Sunday, April 17, 2011

338 words

Dear Mr. President,

Recently you spoke to students about education and said, “One thing I never want to see happen is schools that are just teaching the test. … young people do well in stuff that they're interested in. They're not going to do as well if it's boring." I absolutely agree.

Why then, Mr. President, do you want to continue to impose an inferior educational system based on high-stakes testing on the rest of the nation’s non-elite children? Why is it acceptable to subject children living in poverty, most of whom are children of color, to a punitive educational system that limits their curricula, kills their love of learning and fails to support the most struggling students, effectively making it impossible for these children to catch up to their more affluent peers. Why do you support a system that begins labeling children as failures at 5 years old, and makes it essentially impossible for those children to escape that label?

Research does not support the policies being advocated by your Secretary of Education. School turnarounds and charter schools staffed by unqualified teachers have been proven failures. Both you and Mr. Duncan need look no further that your former backyard, Chicago, to see the failure of those policies. High-stakes testing serves to dumb down curricula and encourage cheating. Look what happened recently in Ms. Rhee’s former school district.

Think of your own children, Mr. President. Would you want Sasha and Malia taught by highly qualified, experienced educators, or recent college graduates with no background in educational theory, pedagogy or child development? Would you want your daughters’ curricula limited to reading, writing, and arithmetic? Would you want your daughters sentenced to an educational system that is nothing more than a test prep assembly line? I am sure your answer would be ‘absolutely not’.

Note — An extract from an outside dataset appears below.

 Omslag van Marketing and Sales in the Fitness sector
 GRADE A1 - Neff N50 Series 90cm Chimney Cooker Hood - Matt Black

Please, Mr. President, we want our children to have an educational system like your daughters have. We want equitable funding in our schools. Those are goals that would be worthy of your administration.

Sincerely,

A Teacher Anon

2 comments:

  1. The SOS March people are collecting 338 word letters to send to the President. 338 because his recent statement about not wanting his daughters in test prep environments was 338 words long. He quickly got called out on this and the 338 letter movement was born.